Geiger has been a vegetarian for more than 10 years and said she noticed how the vegetarian product selection has changed dramatically.

“There are so many food options, especially
prepackaged items like veggie burgers and frozen foods, … you even see these in regular supermarkets now,” Geiger said.

Essene Market & Café offers one of the widest varieties of vegan (meaning non-meat, non-dairy) and vegetarian products in the city. In addition to its grocery store, Essene has a cafe with a vegetarian hot food bar.

For those on the go, Essene also has an array of sandwiches, wraps and burritos – all prepared in the store with natural and organic products. And for dessert, its vegan bakery offers sweets such as carrot cake, cookies and brownies.

“We have a diversity of people who come to the store,” said Essene store manager Kerry Palanjian. “We have the old hippies who live in the country and come in once a month to buy grains. We have meat eaters who like organic produce. We get those who have had bad health reports and want to change their diet, and we get kids who are strictly snackers.”

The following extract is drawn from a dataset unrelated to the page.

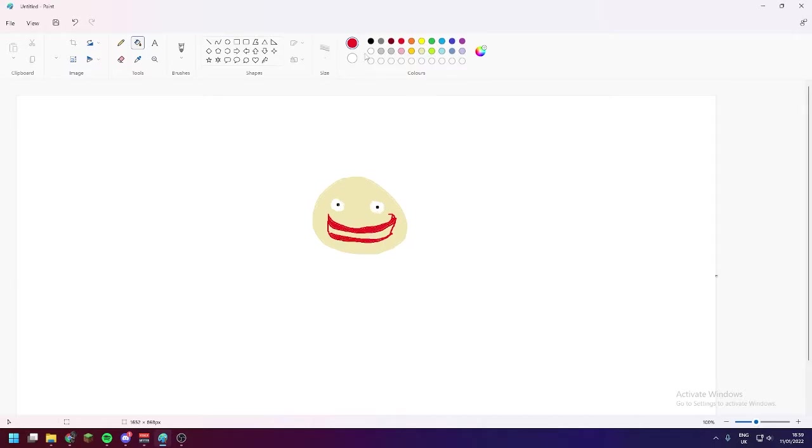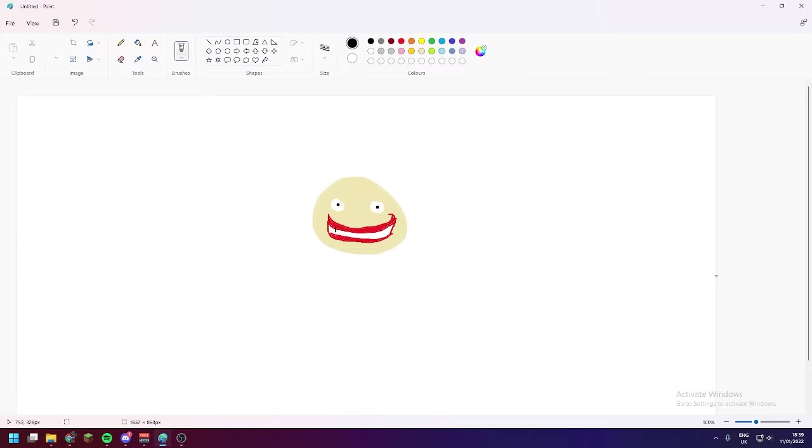We'll fill this bit in with white, and then return to the brush tool. And there we go. Sparkling white teeth. Only the best dental care for the Queen.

Restaurants are taking notice and answering
to the demands for more vegetarian options. The ADA report noted that the National
Restaurant Association found that eight out of 10 restaurants in the U.S. offer vegetarian items. Rich Landau, owner of Horizon’s Cafe, a vegan restaurant, said that 85 percent of his customers are not vegetarian or vegan. At his South Philadelphia restaurant, a popular item is the grilled seitan.

“We want to give our customers the same satisfying feeling that meat gives them – without the meat,” Landau said.

His wife, Kate Jacoby, the restaurant co-owner and pastry chef, makes the most popular dish in the restaurant – the cheesecake, which is made without any dairy products.

“I can’t tell you what’s in it. She won’t even tell me,” Landau said. “But I can say that it’s soy-based.” The ADA report also expects the vegetarian food industry to generate $2.8 billion in the U.S. this year. Pirello, who also hosts cooking classes at Essene regularly, said that the vegetarian bandwagon is one that everyone should jump on – even if it’s for the health benefits alone.

“Everyone should eat vegetarian at least one day a week,” she said.